[Image-text web data]
= = = =

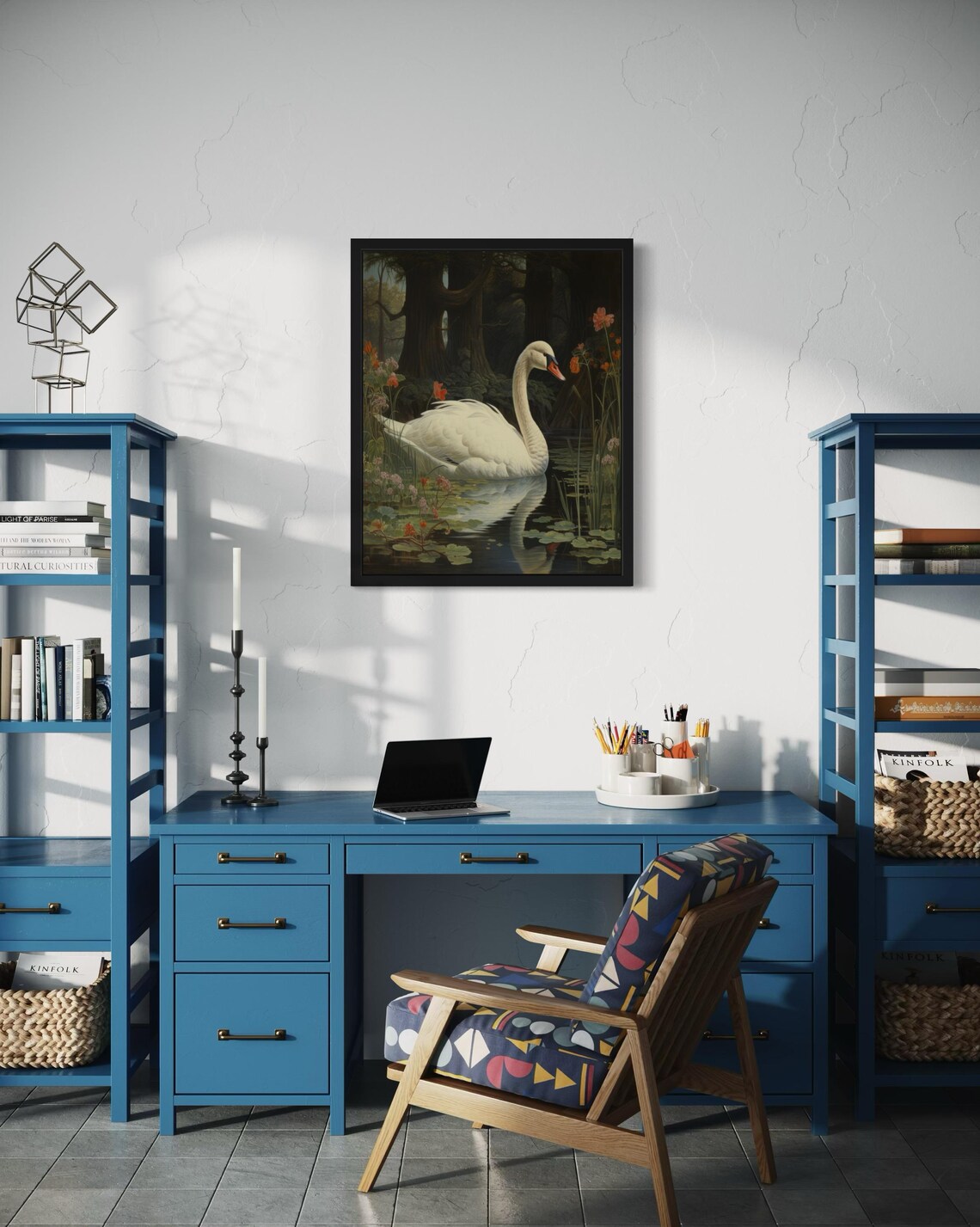 Mute Swan Gliding on a Dark Floral Lily Pond Vintage Waterfowl Poster - Image 2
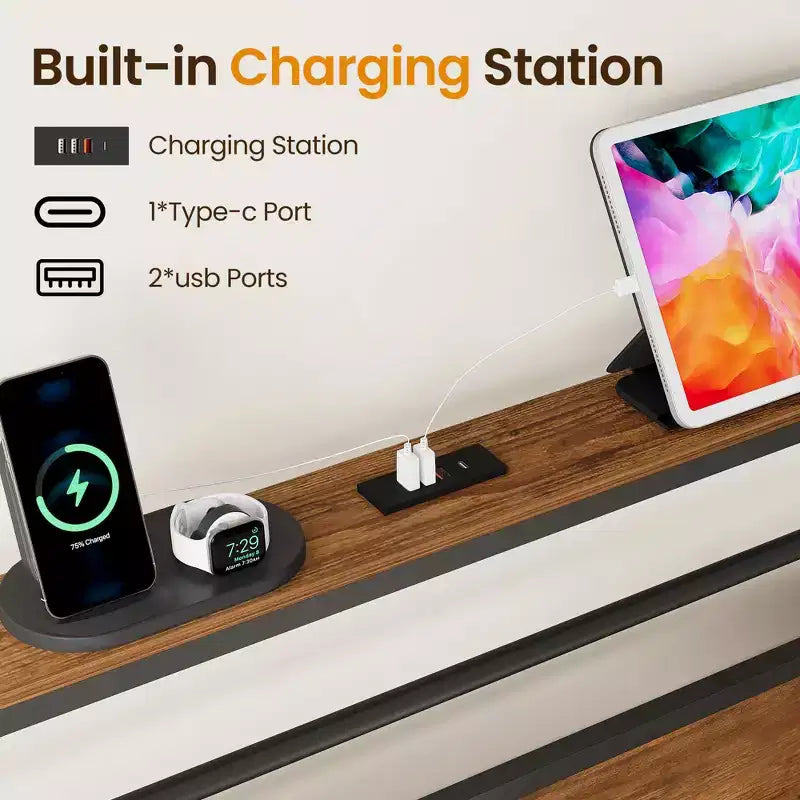 Cadre de lit double avec station de recharge, lattes métalliques, tête de lit capitonnée avec rangement, sommier tapissier non requis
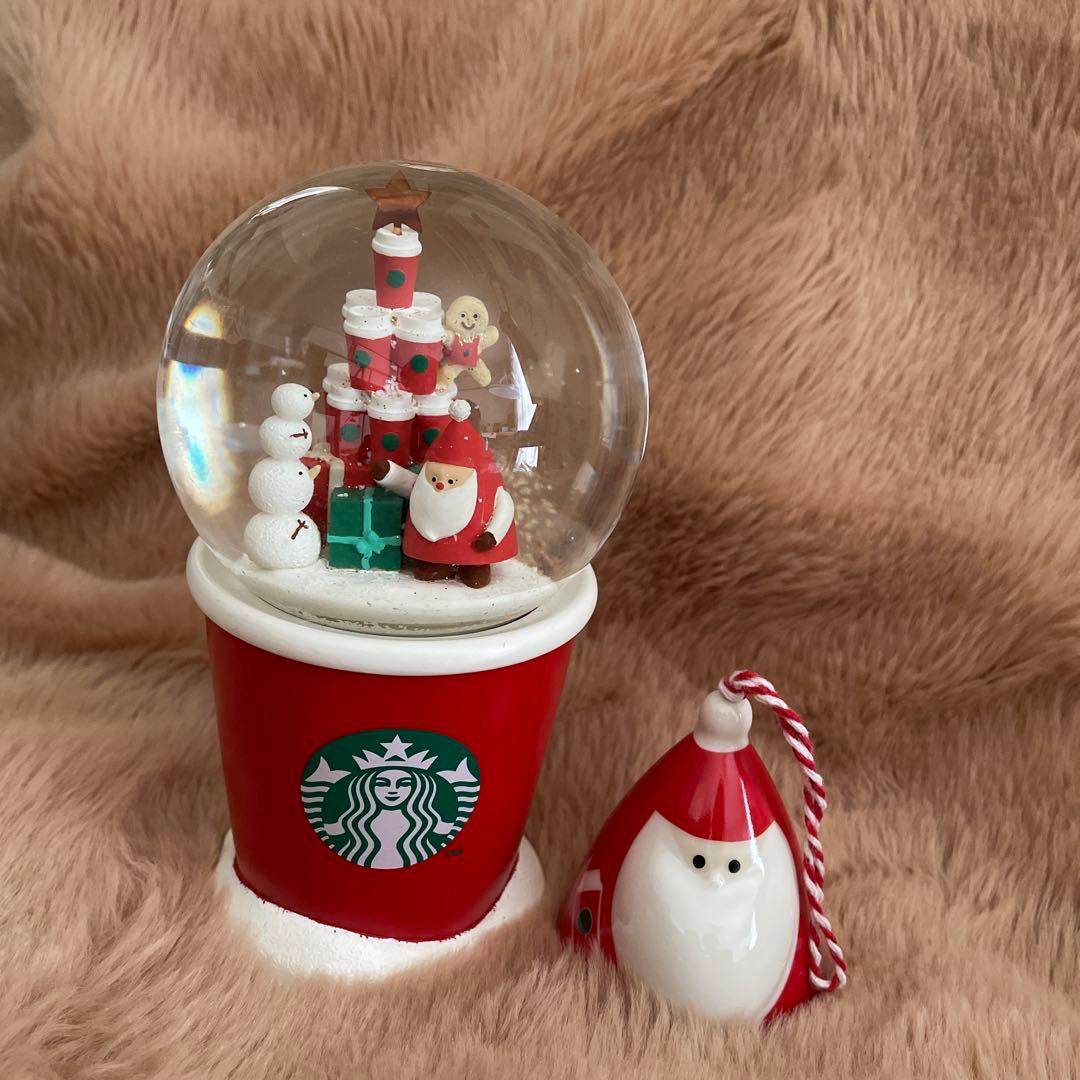 Starbucks スノードーム サンタと雪だるま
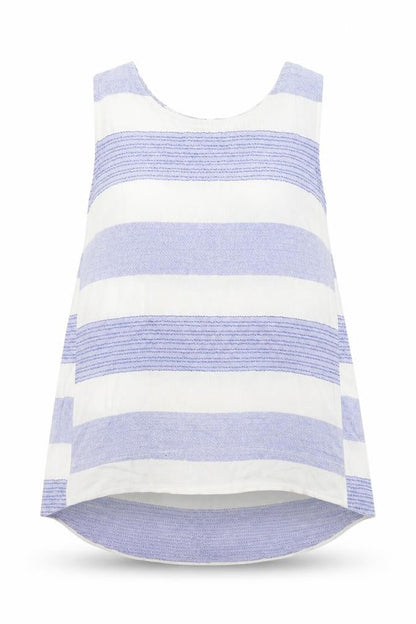 Front view of Preworn women’s blue striped camisole blouse, size M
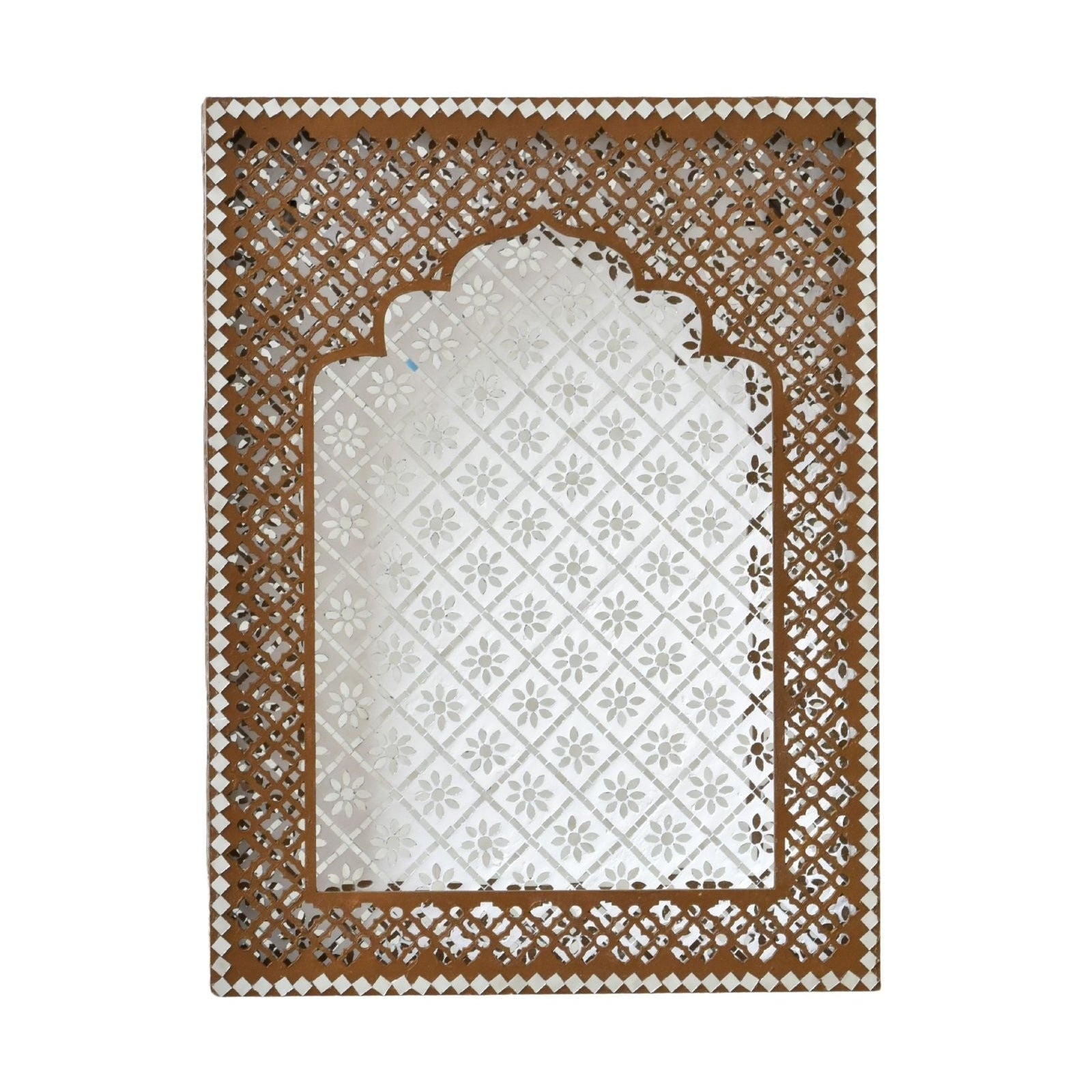 Decorative jharokha wall hanging with mirror & intricate lattice frame on a white background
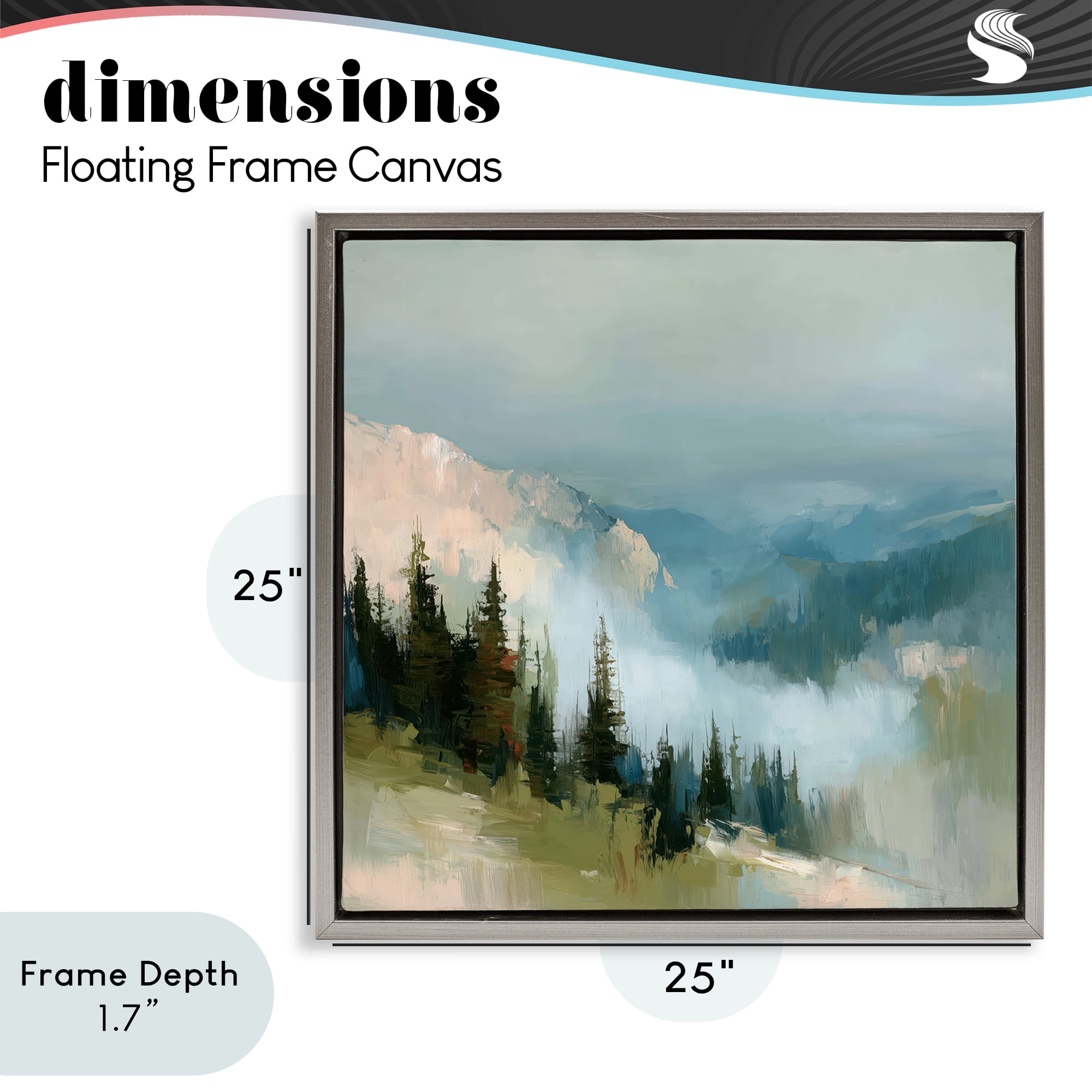 Stupell Industries Mountain Forest Impression Gray Framed Floater Canvas Wall Art, design by Kim Curinga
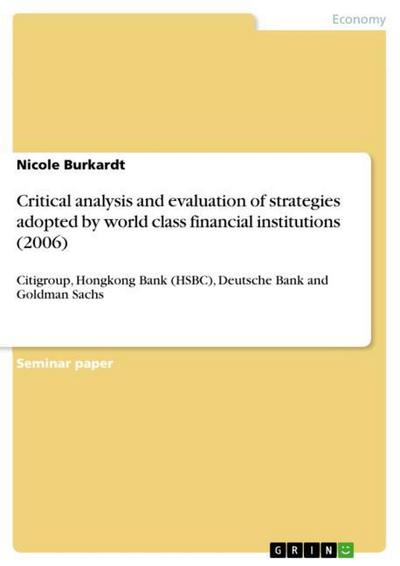 Critical analysis and evaluation of strategies adopted by world class financial institutions (2006) : Citigroup, Hongkong Bank (HSBC), Deutsche Bank and Goldman Sachs - Nicole Burkardt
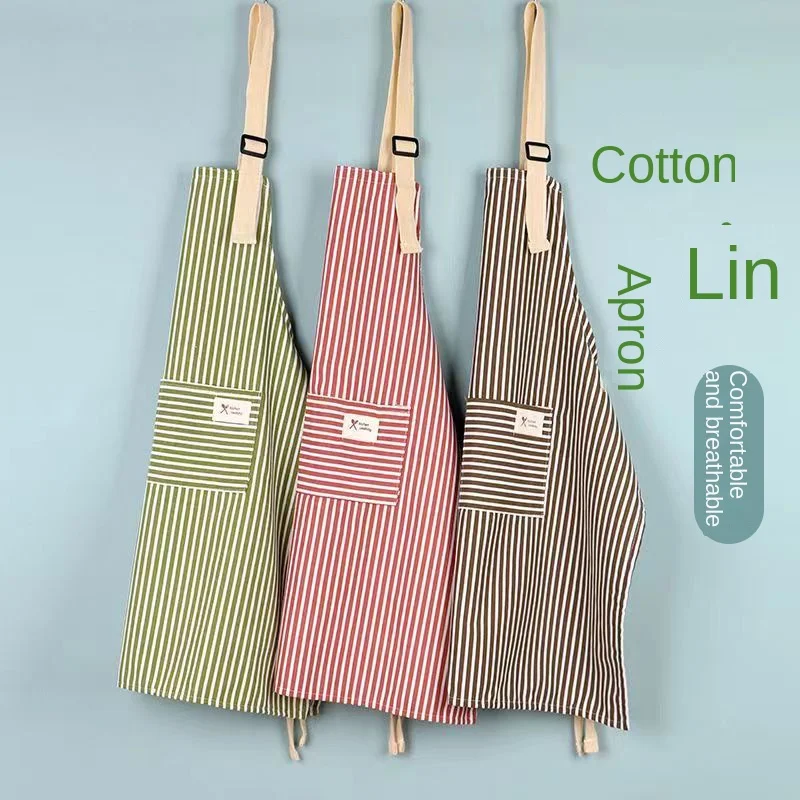 Kitchen Gadgets Trending - Küchenschürze, modische Leinen-gestreifte Schürzen für Restaurant,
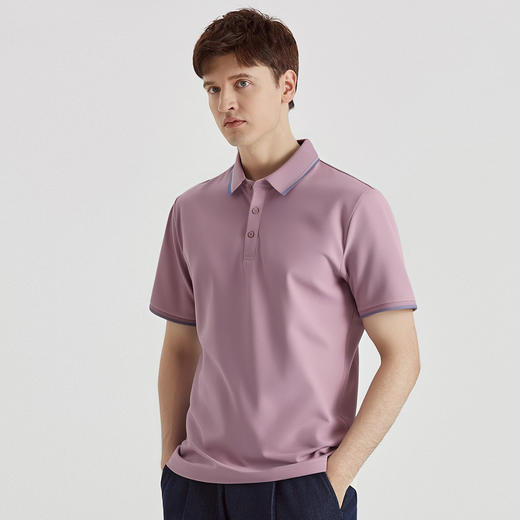 【含桑蚕丝】罗蒙夏季商务男士polo衫百搭休闲男t恤短袖polo衫 商品图3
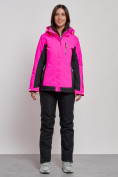 Купить Горнолыжный костюм женский зимний розового цвета 03327R, фото 4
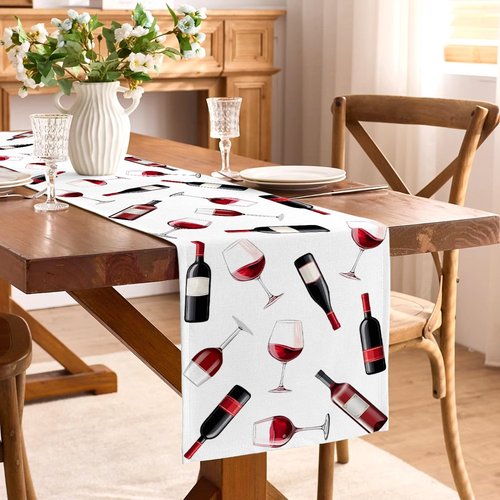 Buxiuer Red Wine Table Runner Wine Tasting Party Decoration Vino Before Vows Dining Room Home Kitchen Island Decor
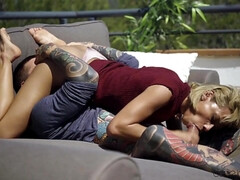 Excited lovers enjoy a hot day and sexual games outdoors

= = = =

What is needed: Would you output the lines above from the line holding "Cadre de lit" up to and including the line holding "Front view of", exactly and only those, with no pictures?

Written solution:
 Cadre de lit double avec station de recharge, lattes métalliques, tête de lit capitonnée avec rangement, sommier tapissier non requis
 Starbucks スノードーム サンタと雪だるま
 Front view of Preworn women’s blue striped camisole blouse, size M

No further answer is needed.